Keynote 3 (Friday 9:00)
From Milliwatts to PFLOPS – High-Performance and Energy Efficient General Purpose x86 Many-Core Architecture
As we see Moore's Law alive and well, more and more parallelism is introduced into all computing platforms and on all levels of integration and programming to achieve higher performance and energy efficiency. We will discuss the new Intel® Many Integrated Core (MIC) architecture for highly-parallel workloads with general purpose, energy efficient TFLOPS performance on a single chip. This also includes the challenges and opportunities for parallel programming models, methodologies and software tools to archive highly efficient and highly productive parallel applications. At the end we will discuss the journey to ExaScale including technology trends for high-performance computing and look at some of the R&D areas for HPC at Intel.

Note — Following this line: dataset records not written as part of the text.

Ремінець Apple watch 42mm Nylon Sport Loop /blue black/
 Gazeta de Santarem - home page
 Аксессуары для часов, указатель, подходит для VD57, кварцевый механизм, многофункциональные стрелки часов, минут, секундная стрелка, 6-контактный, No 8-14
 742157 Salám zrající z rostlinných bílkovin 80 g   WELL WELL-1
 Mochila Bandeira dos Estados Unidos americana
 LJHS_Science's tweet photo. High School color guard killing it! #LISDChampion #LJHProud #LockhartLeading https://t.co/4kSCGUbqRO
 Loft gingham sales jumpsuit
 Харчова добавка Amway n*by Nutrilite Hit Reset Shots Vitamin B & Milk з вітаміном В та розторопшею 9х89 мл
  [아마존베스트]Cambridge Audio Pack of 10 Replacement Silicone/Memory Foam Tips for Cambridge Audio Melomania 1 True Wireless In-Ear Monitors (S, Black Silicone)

Dr. Herbert Cornelius is Technical Director Advanced Computing at Intel EMEA. Before he was Engineering Manager in Intel’s Cluster Software & Technologies group in EMEA, focusing on scalable and parallel computing solutions based on vectorization/SIMD, multi-threading and message-passing for multi/many-core and multi-processor platforms. Prior to this position he was the EMEA Technical Marketing Manager Enterprise Computing und New Technologies enabling. He joined Intel in 1993 as Senior Computational Scientist in the Scalable Systems Division and has held various technical and management positions in the areas of Applications and Software Engineering. Before joining Intel, he served as Manager High-End Computing Europe at Fujitsu and worked at Cray Research from 1983 to 1990. Prior he worked as Scientific Assistant for Applied Mathematics at the University of Karlsruhe. He received a Ph.D. degree in Mathematics and Diploma degree in Mathematics and Informatics from Technical University of Berlin, Germany.